= TASK PROMPT =
Starting at the line that contains "2 camere - bloc", transcribe each line through the end of the material below, exactly and nothing else, leaving out the pictures.

= INFORMATION SUPPLIED =

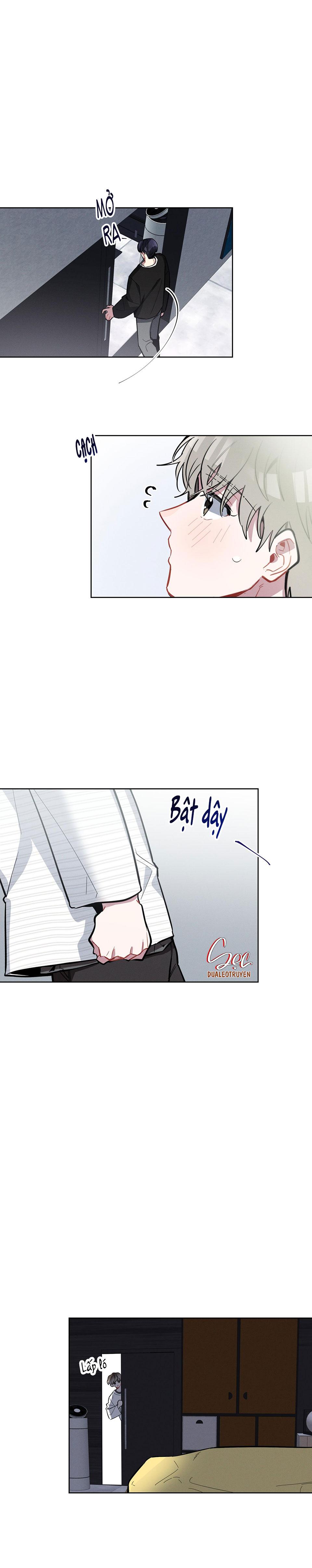 cherry scandal chapter 8 22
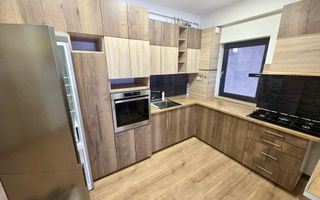 2 camere - bloc nou - etaj 1 - parcare - terasa - 110mp - Promenada - Poză 4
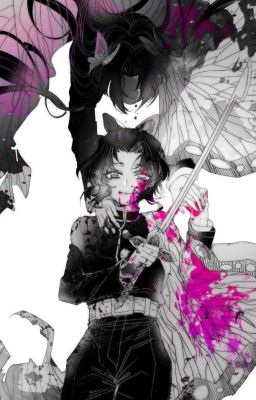 🦋 Sick Butterfly Stomach 🦋 (Oneshot) cover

= TASK SOLUTION =
 2 camere - bloc nou - etaj 1 - parcare - terasa - 110mp - Promenada - Poză 4
 🦋 Sick Butterfly Stomach 🦋 (Oneshot) cover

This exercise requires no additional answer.